Verabschiedung des ABS-Protokolls bei der zehnten CBD-Vertragsstaatenkonferenz in Nagoya, Japan, 18 – 29 Oktober 2010

Nach sieben Jahren intensivster Verhandlungen hat sich die internationale Staatengemeinschaft auf ein verbindliches internationales Abkommen zur Regelung des Zugangs zu genetischen Ressourcen und des gerechten Vorteilsausgleichs bei der Nutzung dieser Ressourcen (Access and Benefit-sharing – ABS) und verbundenem traditionellen Wissen geeinigt. Am letzten Tag der zehnten Vertragsstaatenkonferenz, die vom 18. bis 29. Oktober 2010 im japanischen Nagoya stattfand, wurde das sogenannte Nagoya ABS-Protokoll verabschiedet.

Grundlage des Nagoya ABS-Protokolls ist das internationale Übereinkommen über die biologische Vielfalt (Convention on Biological Biodiversity – CBD), das 1992 von 190 Vertragsparteien mit den folgenden drei Zielen verabschiedet wurde: Erhaltung der biologischen Vielfalt, nachhaltige Nutzung ihrer Bestandteile, sowie Sicherstellung einer ausgewogenen und gerechten Beteiligung an den Vorteilen, die sich aus der Nutzung genetischer Ressourcen und verbundenem traditionellen Wissen ergeben. ABS als dritte Säule der CBD beinhaltet das Bestreben, einerseits den Nutzern genetischer Ressourcen einen angemessenen Zugang zu diesen Ressourcen zu gewährleisten, und andererseits die Bereitsteller der genetischer Ressourcen gerecht und ausgewogen an den Vorteilen aus der Nutzung der Resourcen zu beteiligen.

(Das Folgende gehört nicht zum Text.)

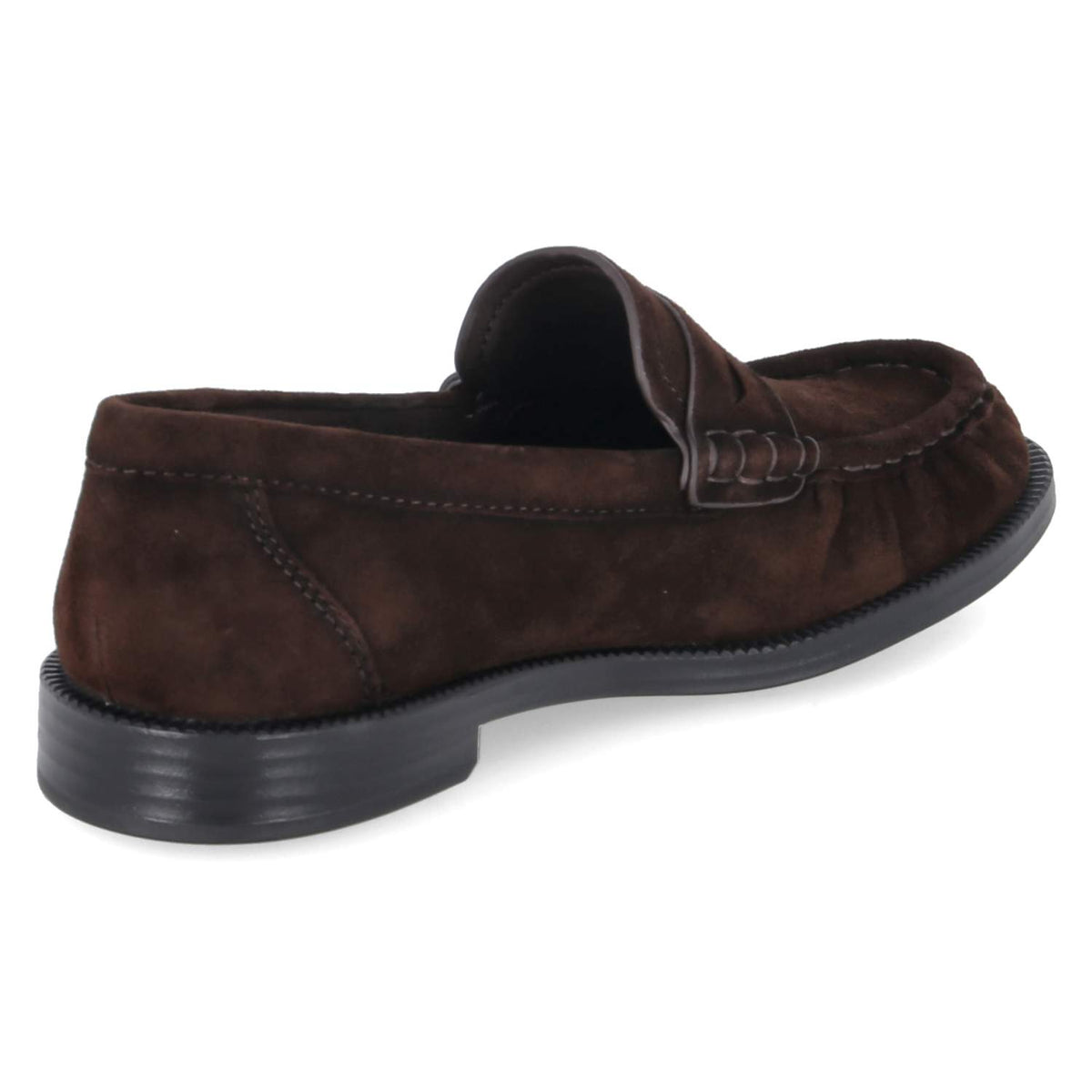 Loafer  Braun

Zur Erleichterung der Implementierung der ABS-Bestimmungen Artikel 15 und 8 (j) CBD hatte die CBD-Vertragsstaatenkonferenz im Jahre 2000 eine Arbeitsgruppe über Zugang und Vorteilsausgleich (Ad-hoc Open Ended Working Group on Access and Benefit-sharing – ABS-Arbeitsgruppe) eingesetzt. Bereits 2002 wurden die „Bonner Leitlinien über den Zugang zu genetischen Ressourcen und die gerechte und ausgewogene Beteiligung an den Vorteilen aus ihrer Nutzung“ von der Vertragsstaatenkonferenz als freiwillige Orientierungshilfe zur Umsetzung der ABS-Bestimmungen der Konvention verabschiedet. Im Jahre 2004 folgte sodann der Aufruf zur Verhandlung eines internationalen ABS-Regimes im Rahmen der CBD. Hierzu wurde die ABS-Arbeitsgruppe mit einem neuen Mandat ausgestattet, das im März 2006 seitens der Vertragsstaatenkonferenz bestätigt und im Mai 2008 verlängert wurde. Zugleich wurde bestimmt, dass die Verhandlungen über das internationale Regime bis zum Jahre 2010 abgeschlossen sein sollten.

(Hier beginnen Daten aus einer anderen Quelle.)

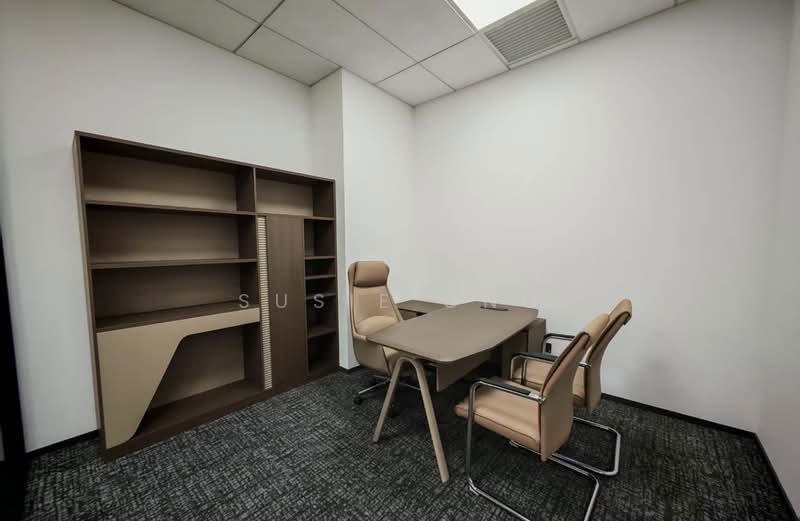 Office for Rent in KLCC (KL City Centre) - Susie Ong - PropertyGuru.com.my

Nachdem die ABS-Arbeitsgruppe während ihres neunten Zusammentreffens in Cali, Kolumbien, vom 22. bis 28. März 2010 zwar einen Protokollentwurf als Grundlage für weitere Verhandlungen erarbeiten, diesen während des Treffens jedoch nicht abschließen konnte, wurde der Protokollentwurf im Juli, September und Oktober 2010 weiter verhandelt. Um die Verhandlungen abzuschließen, wurde schließlich während der zehnten CBD-Vertragsstaatenkonferenz eine informelle Konsultationsgruppe (Informal Consultative Group – ICG) eingesetzt. Nachdem auch die ICG nicht in der Lage war, einen fertigen Protokolltext zu erarbeiten, legte Japan als CBD-Präsidentschaft zu den noch strittigen Punkten einen Kompromisstext vor, der am letzten Tag der Konferenz von den Vertragsstaaten auch angenommen wurde.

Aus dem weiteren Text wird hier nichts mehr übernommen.